Jones Outlook

Thursday, August 9, 2007

Waiting for new alternative fuel

I agree that we need to cut our addiction to crude oil, not just foreign but oil in general. Not just because of the environment, or just because possible threats that could come from the middle east - but because I'm also tired of a good solid part of paycheck going towards gas for my car.

During a recent trip home, I filled up my car in Storm Lake and it was over $3 a gallon (89 octane with ethanol). On my way home I stopped in a community of Bolivar, Missouri, about the size of Alta, to fill up on fuel and only paid $2.45 a gallon on 87 octane. I'm not a gas expert - I look for ethanol fuels wherever I can and I generally buy the cheapest fuel that will work in my car. But why is there such a price difference? Southwest Missouri is not part of the ethanol boom and still has lower gas prices.

What I remember from economics classes is that businesses will charge what the market accepts - I suspect fuel prices will rise until people refuse to pay for it. Then back it goes down.

Gas prices seem only loosely related to what is going on in the supply-and-demand system. Prices shoot up until people complain, then they drop down, then slowly rise again to another spike (usually around a peak driving period). Slowly we get used to the higher prices and come to accept them with little question. When I first got my license at 16 in 2000, gas was under a dollar a gallon and now seven years later it has been over the $3 mark.

With the inflation rate so high in the U.S., I'm actually wondering if the best thing would be for prices to go higher - to reach whatever the point is that some permanent changes get made. Like demanding cars with better mileage. Whatever happen to the hydrogen car that was so highly publicized on many car sites several years ago?
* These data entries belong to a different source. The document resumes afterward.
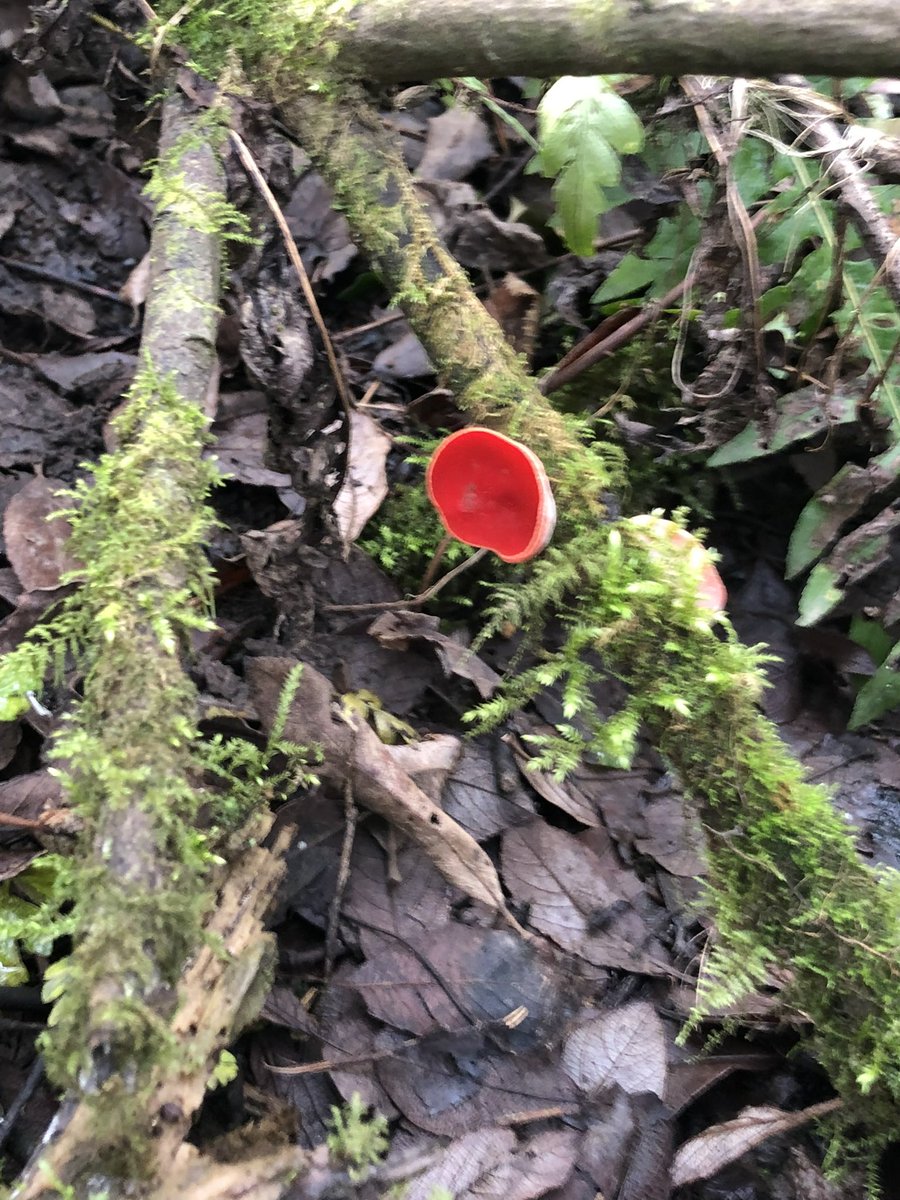 DCKC87's tweet image. Getting in early for #MushroomMonday , spotted a few of my favourites today , Scarlet Elf cups. A magical mushroom where the wood elves and fairies come to drink in the morning.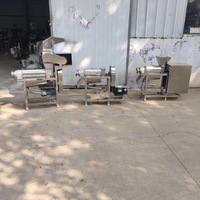 1000Kg Per Uur Industriële Commerciële Koude Pers Schroef Kokosmelk Extractor Gember Vruchtensap Juicer Afzuigmachine Machine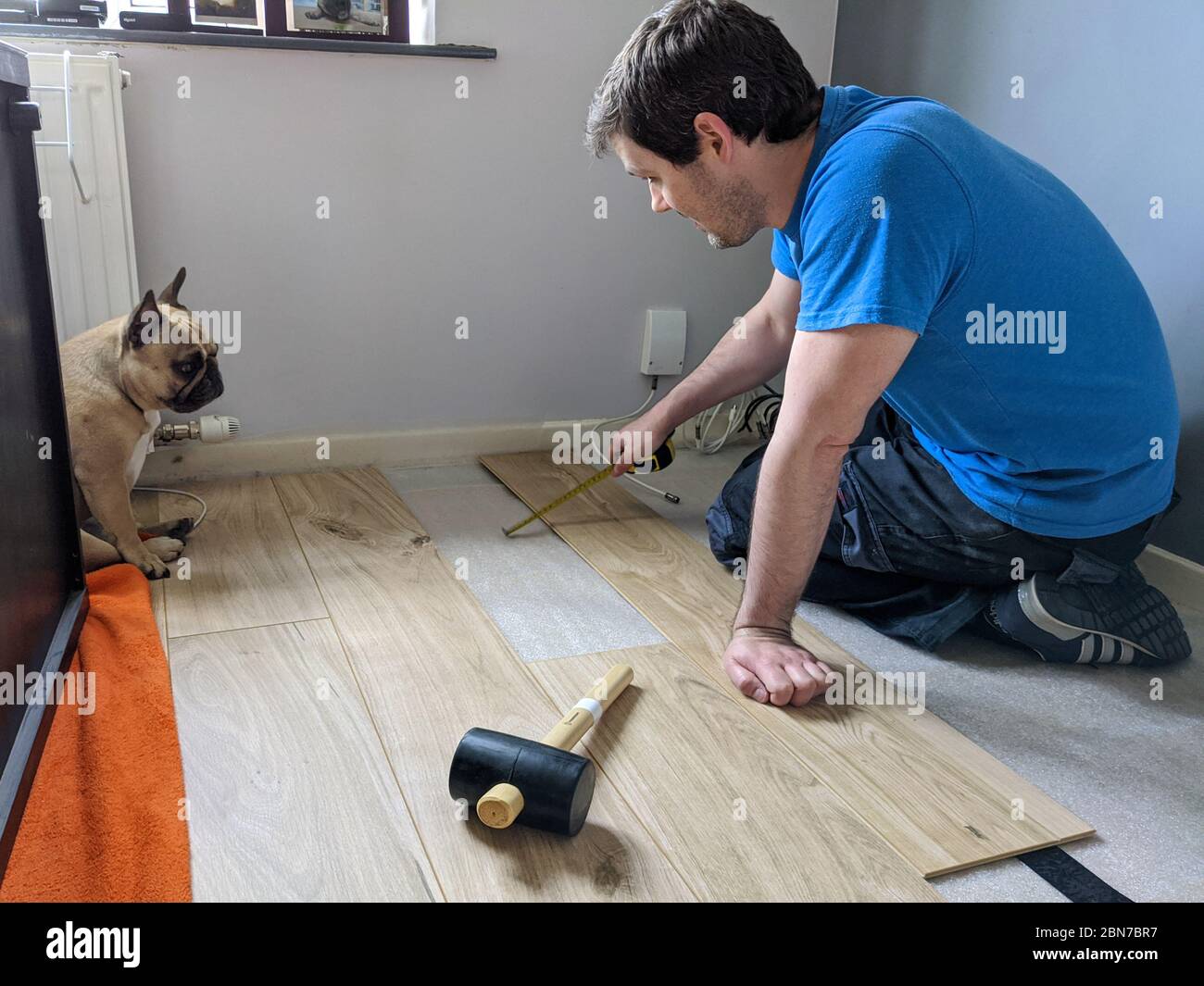 DIY putting down laminate flooring at home with pet dog watching Stock Photo Alamy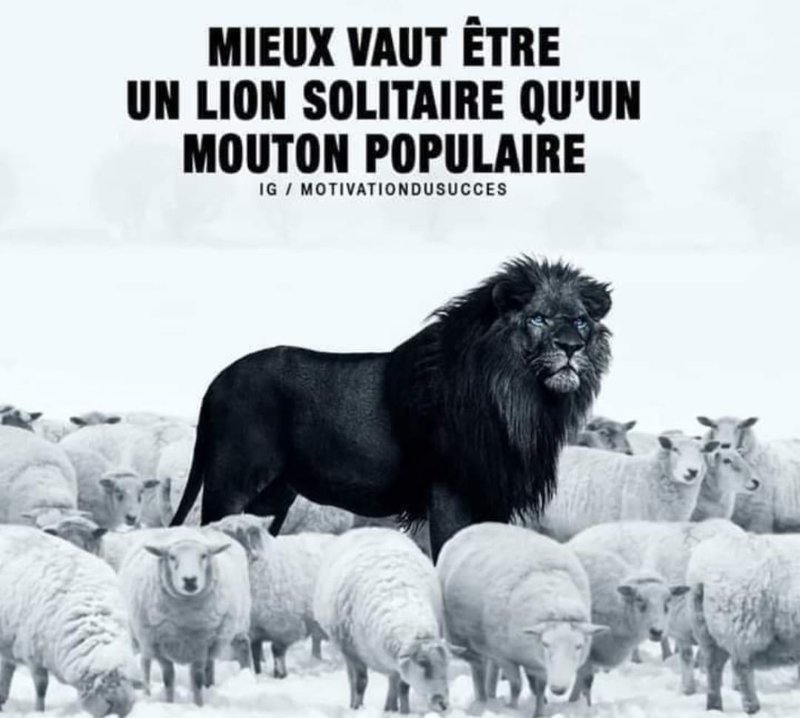 j-aime-mieux-etre-un-mouton.jpg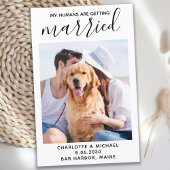 Pet Photo Dog Weddenschap Mijn mensen trouwen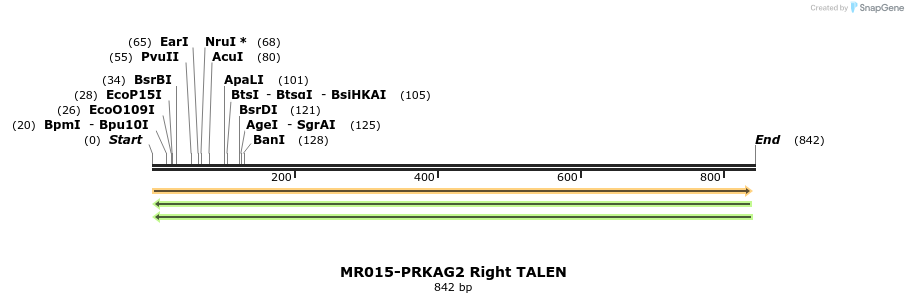 75731_map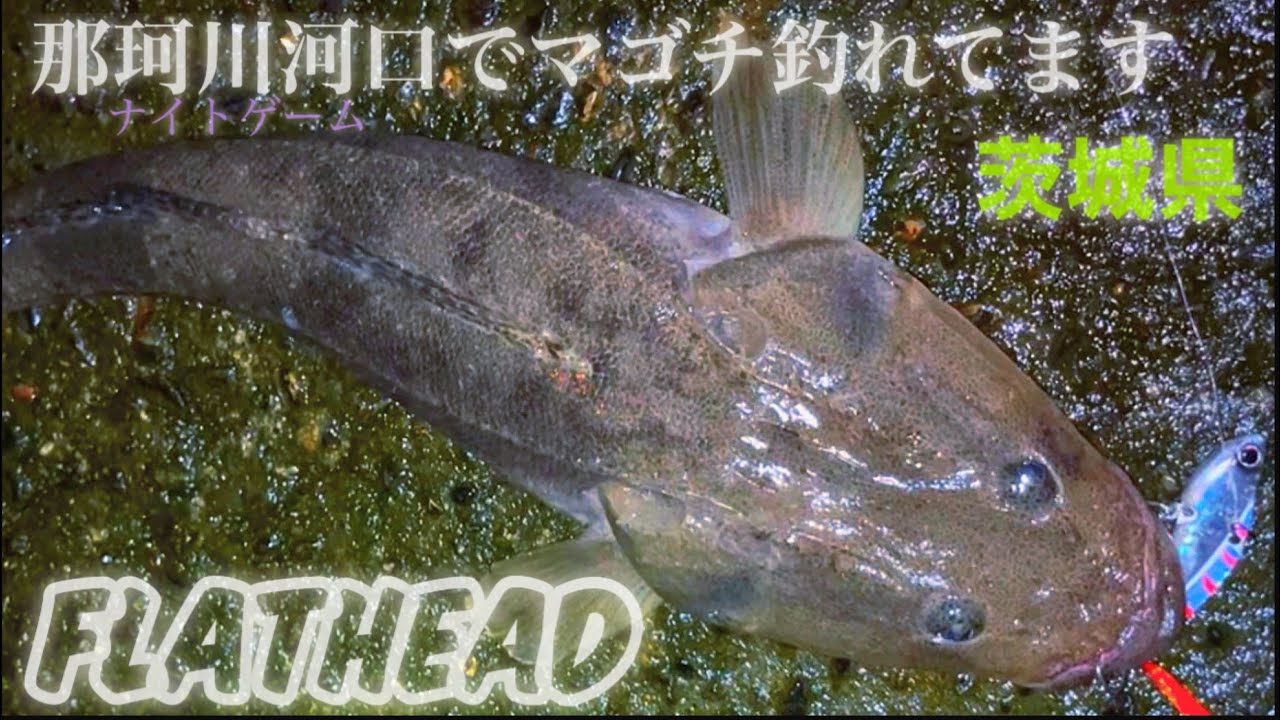【シーバス釣り】那珂川河口でマゴチ釣れてます〜#シーバス #那珂川 #マゴチ 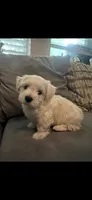 Teddy , a male Maltipoo and Maltese for sale in Garland, TX – 2 of 4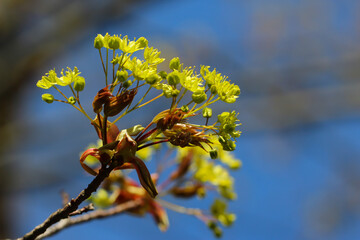 The maple blooming in the botanical garden, close-up with selective focus (Acer platanoides) Spring banner with copy space for text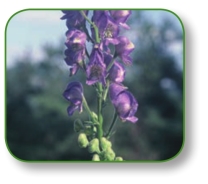 pagenumber_ebook=94,pagenumber_book=81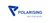Polarising Logo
Yes, electric cars and hybrids are great if you could afford them. Honestly, I don't have the cash to go out and buy a new car like that. There is no retrofit option. If I could afford teh price for a new high-tech carm I probably wouldn't be demanding change.

It seems to me that people are looking to the government to help control prices but if we really want to get independent then we need to turn to the private sector. Everything in the private sector is driven by cost, if the demand is high, private industries will innovate to create the product to claim that potential revenue. Over time, technology tends to trickle down and become affordable to more people. I'm not picky about how the technology is developed. With so many advances, there have to be ways to make cars run longer without using so much fossil fuel. We can't sit back and wait for government to design change. We need to challenge and reward industry. As competitive as we are, wouldn't they want to be the first on the market with the historic breakthrough?

Yes, I realize that my idea would have gas prices go higher before the change, but like so many things in life, it will get worse before it gets better.